AI Sec
A rack of servers
red-team

The Audit Gap: Why Red-Teaming Can't Certify Governance Claims

A new position paper by Seth and Sankarapu formalizes the structural mismatch between what AI governance frameworks require evaluators to verify and what behavioral assurance methods can epistemically support—and the implications for anyone writing safety reports.

By AI Sec Editorial · · 8 min read

A position paper posted to arXiv on May 14, 2026 by Pratinav Seth and Vinay Kumar Sankarapu at Lexsi Labs puts a formal name to a problem practitioners already live with: governance frameworks enacted between 2019 and early 2026 are demanding verifiable evidence of safety properties that no currently deployed evaluation methodology can actually verify. The paper calls this the audit gap — the divergence between required and achievable verification access — and introduces fragile assurance to describe evaluations where the evidential structure doesn’t support the safety claim being asserted. For anyone writing red team reports that get attached to compliance filings, this is worth reading carefully.
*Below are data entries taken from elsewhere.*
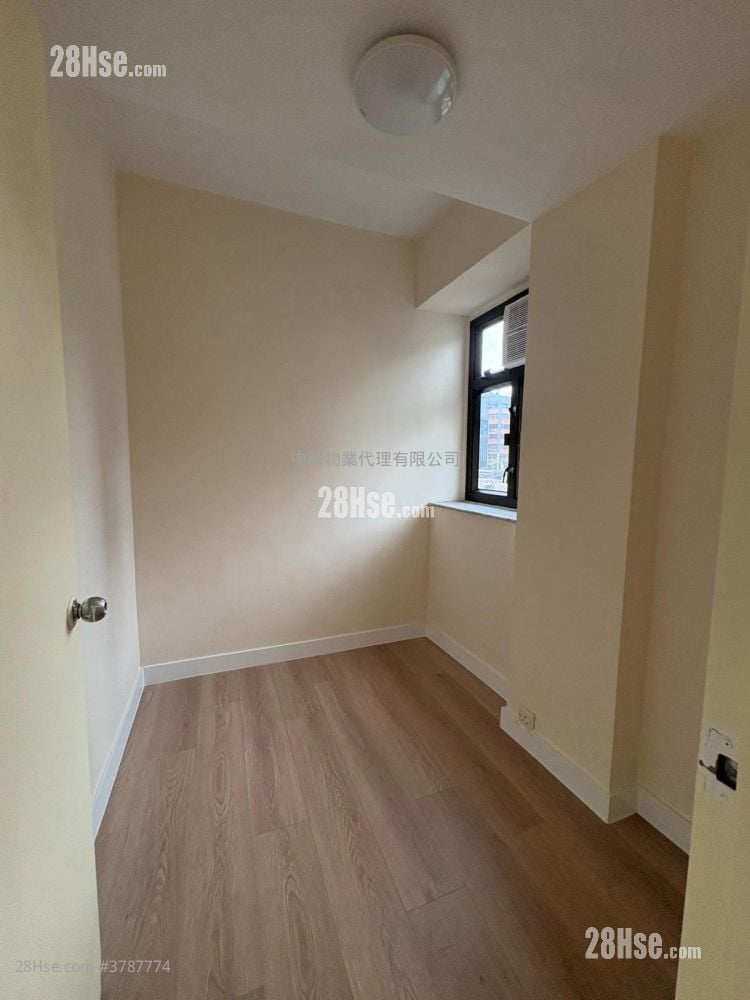 Lap Wo Building Sell 3 Bedrooms , 1 Bathroom 363 ft²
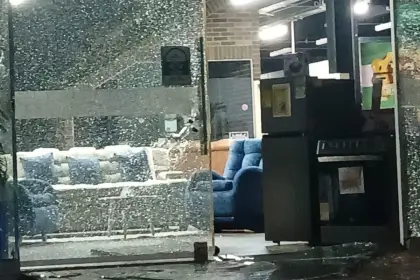 Así qedaron los vidrios de la fachada del establecimiento comercial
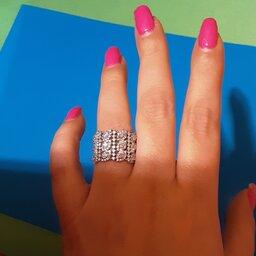 انگشتر زنانه،طرح: جواهر،جنس: استیل نقره ای،کار شده با سنگهای طرح سوارسکی،فری سایز،برند اروپایی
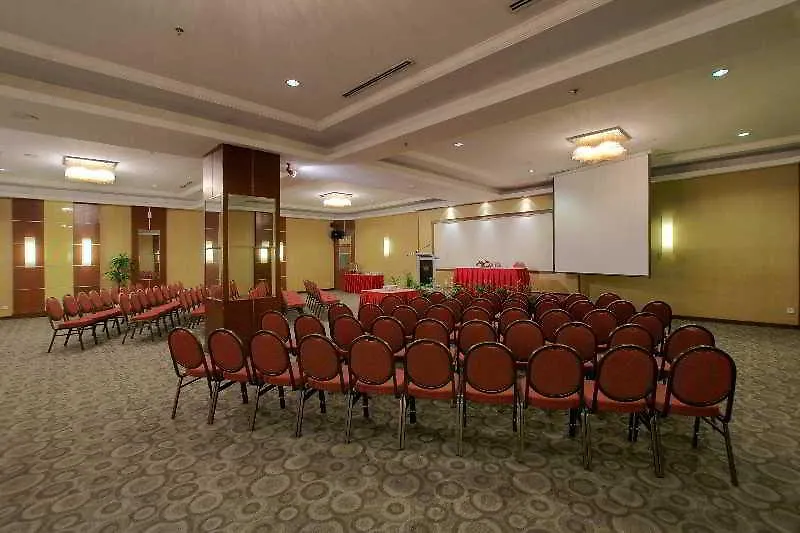 Crystal Crown Hotel Jb Johor Bahru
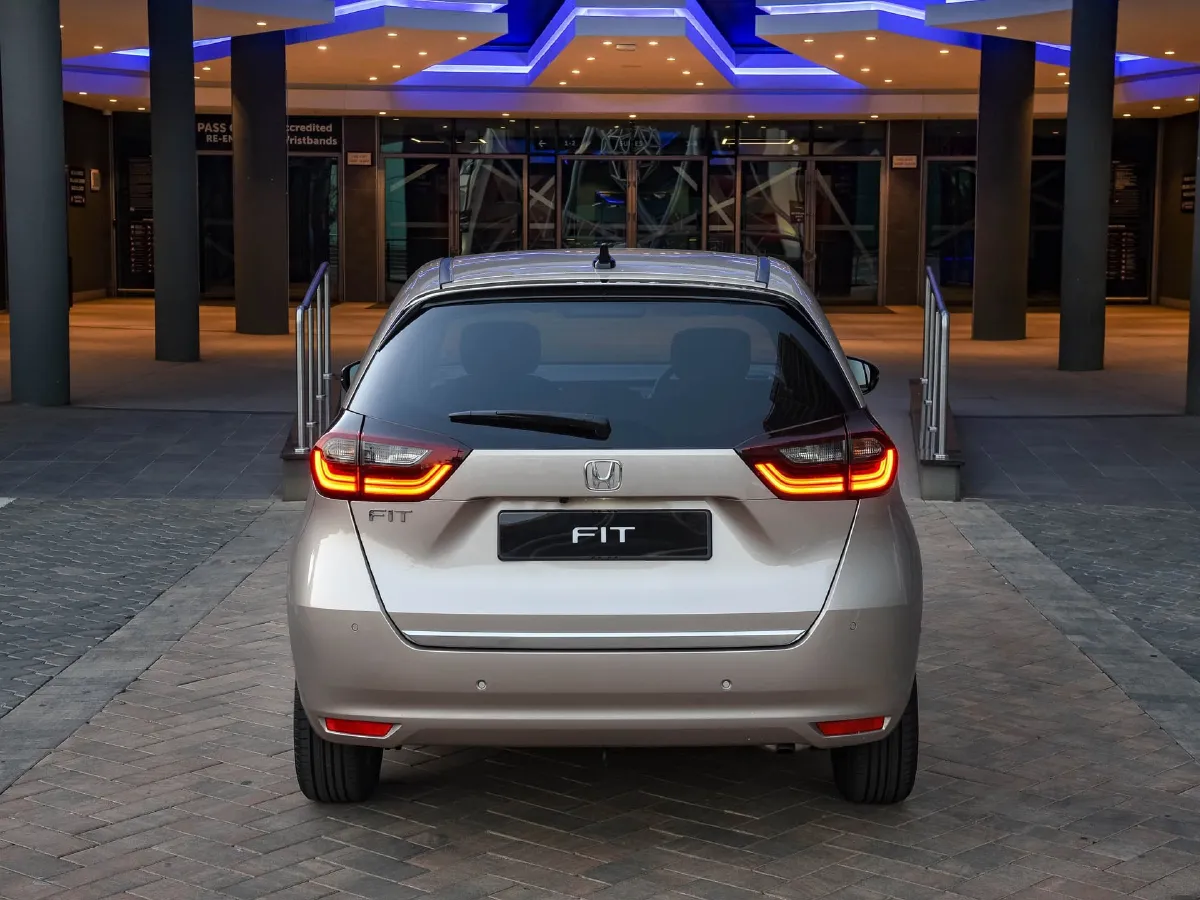 2013 Honda Fit 1.3L 88HP L4 CVT Hybrid,autocango,china used car exporter,china ev exporter,chinese used car exporter,chinese used ev exporter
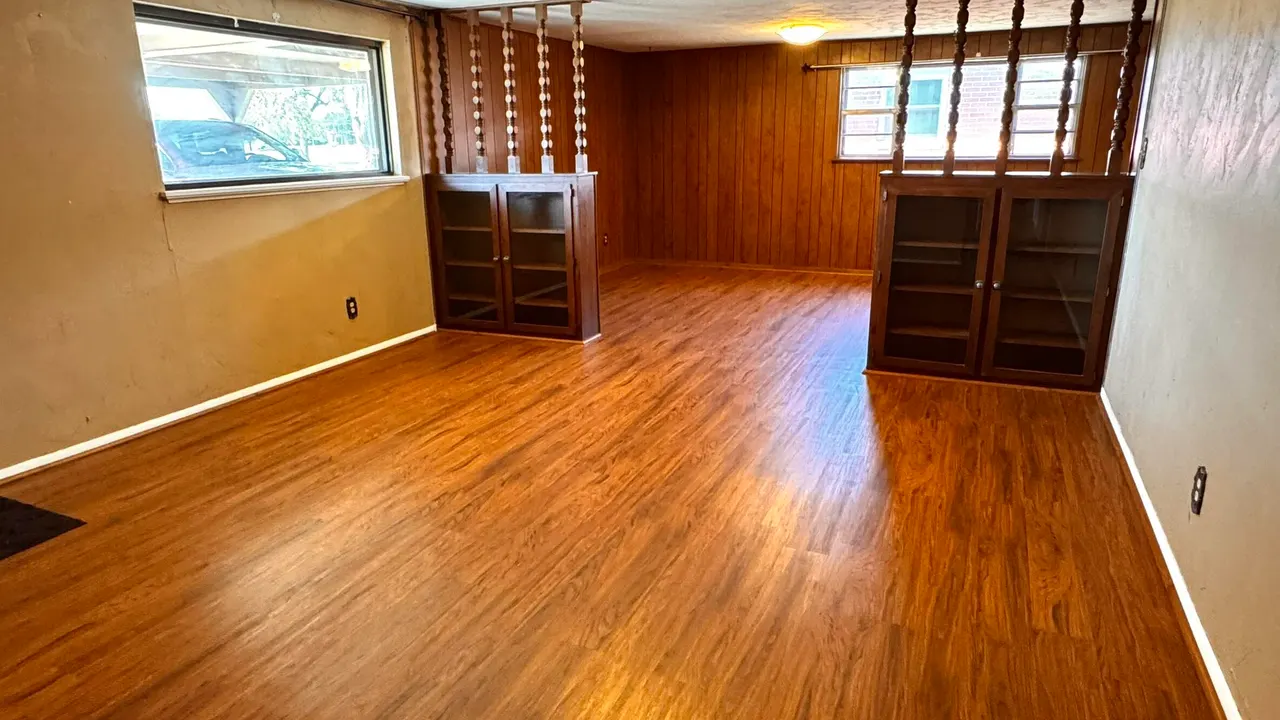 Photo 4 — 1604 Ennis Street, Plainview, TX 79072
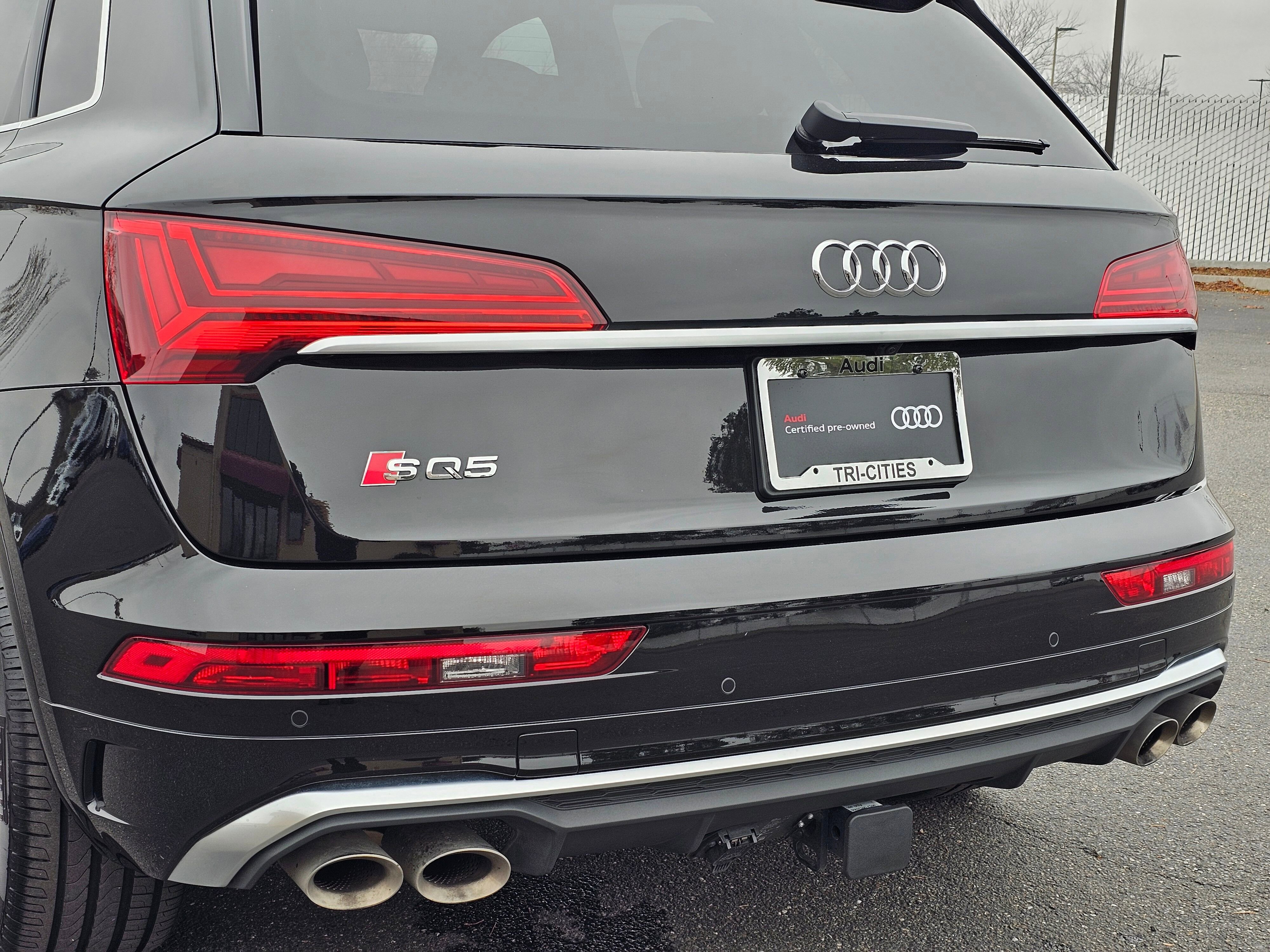 Certified 2025 Audi SQ5 Premium Plus w/ Premium Plus Package image 8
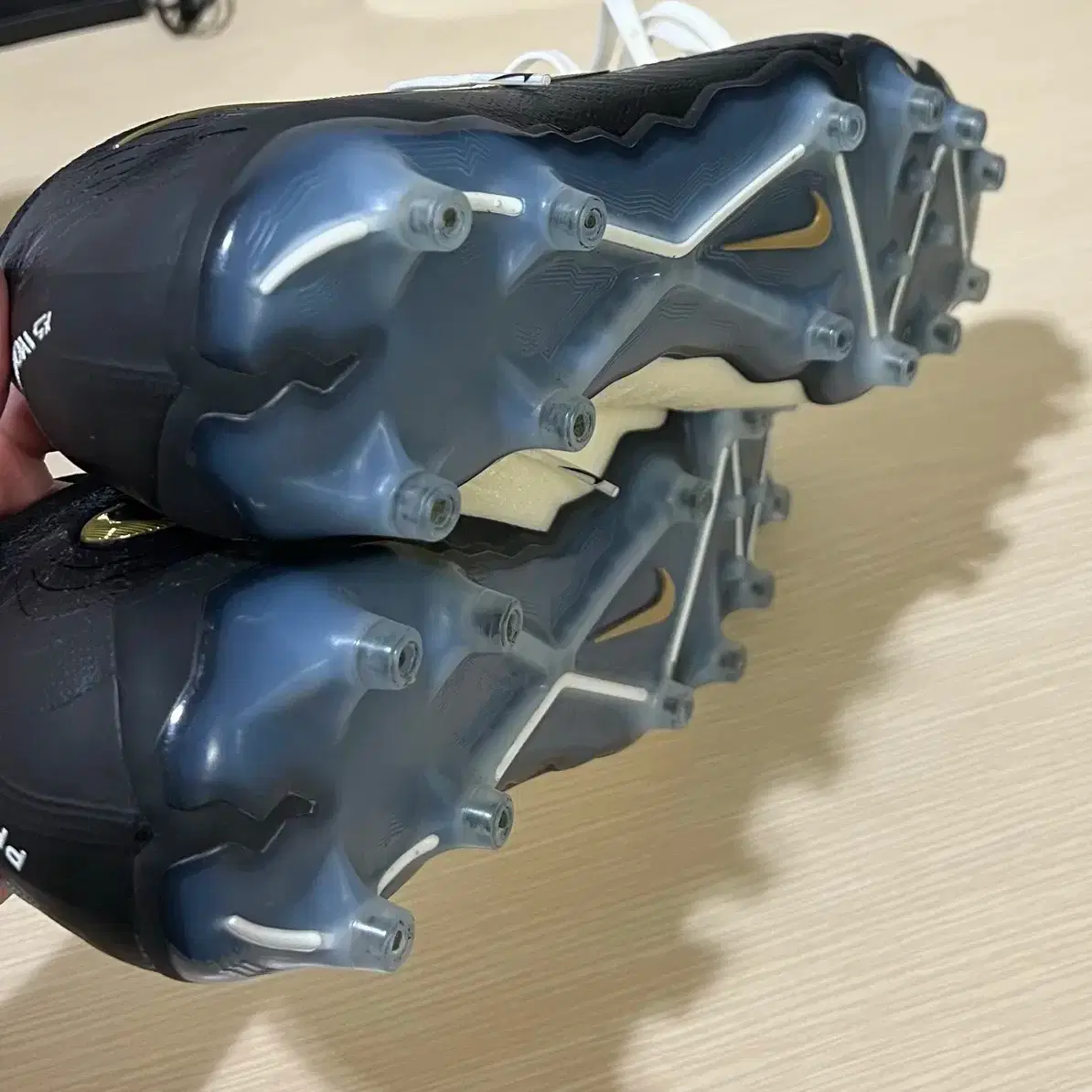 나이키 팬텀 GX 2 엘리트 AG 화이트 메탈릭 골드 코인 285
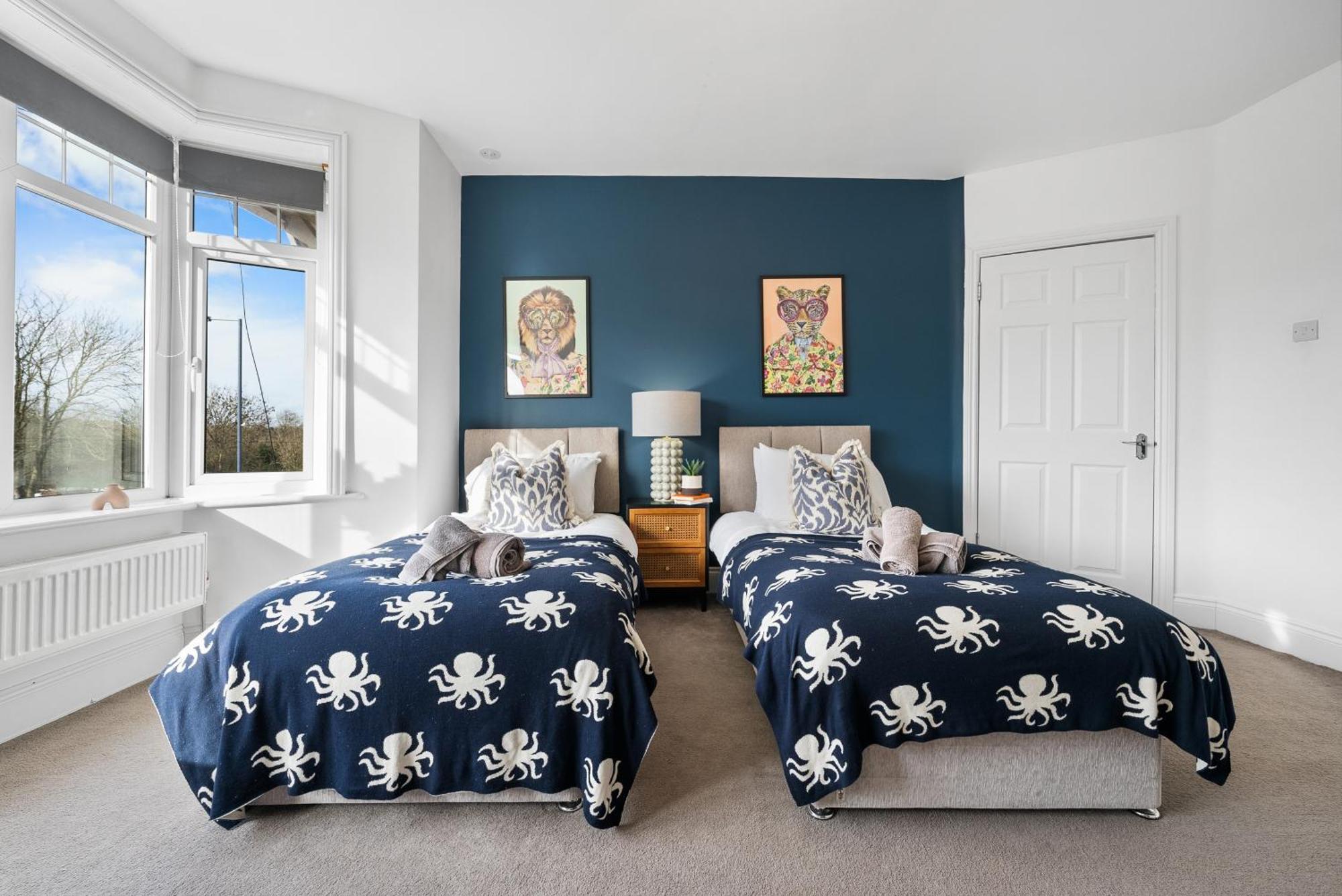 Long Term And Summer Special Offer! 5-Bedroom Spacious, Stunning Design, Sociable Areas & Cosy House Near South Downs Park, Sleeps 11 With Games Room, Private Parking And Garden- By Blue Puffin Stays ووتر لوفلي المظهر الخارجي الصورة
What Governance Actually Requires

Every major regulatory framework that now touches frontier model deployment — the EU AI Act, NIST AI RMF, Colorado AI Act, ISO 42001 — organizes obligations around demonstrable evidence of specific high-consequence properties. The paper catalogs these across a 21-instrument inventory and identifies a consistent demand for three categories:

  • Absence of hidden objectives: the model does not pursue goals it was not designed to pursue
  • Resistance to loss-of-control precursors: the model does not exhibit deceptive alignment or goal-directed behavior that bypasses human oversight
  • Bounded catastrophic capability: the model cannot cause harm above some threshold under any reachable input distribution

These are latent properties. They live in internal representations, training dynamics, and long-horizon behavioral tendencies — not in any observable output sequence you can elicit during a bounded evaluation window.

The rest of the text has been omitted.